An annual ranking of the most technologically savvy higher education institutions by Yahoo Internet Life magazine, a Ziff-Davis publication.

The editors keep their formula secret, so schools do now know what is weighted how. Seems a bit overly concerned with things like amount of space students have for web pages, whether or not there are public kisoks, and less concerned about whether teachers can use technology, or if students have ubiquitous access to computer technology. Schools that provide everyone with their own computer (like Drew University) are probably weighted low, because of the lack of need for computer labs in the dorms or for 24 hour computer labs.

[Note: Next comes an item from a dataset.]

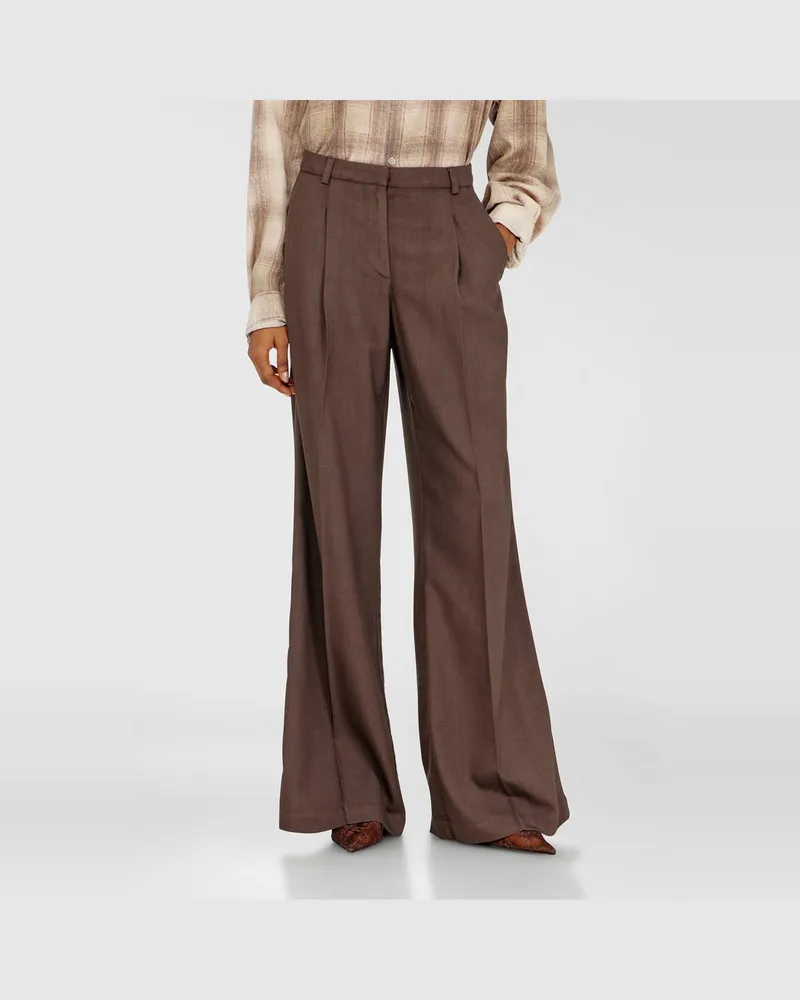 Diesel Weit geschnittene Hose aus stretch wool - Hosen - Damen - Braun Braun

Many important schools like Princeton, the University Of Michigan, and Stanford opted out of the survey, because the methodology was hidden, and they figured they could get away with it.

This concept was pretty cool back when it was first introduced, because schools actually cared about how wired people viewed them to be.

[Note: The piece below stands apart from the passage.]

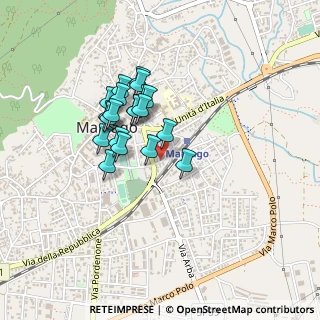 Mappa Via della stazione - Borgo coricama, 33085 Maniago PN, Italia (0.335)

Nowadays, though, the schools that opt out, like mrichich mentioned, are just as well-known to be heavily technology-influenced. Besides, aside from the random liberal arts school back in the woods trying to hide from the real world, just about all decent universities are well-wired now.

I would just guess it's outlived its usefulness. Too bad, it was a pretty cool idea, but at the same time, it's a Good Thing(tm) that high-tech is such a given in higher education these days.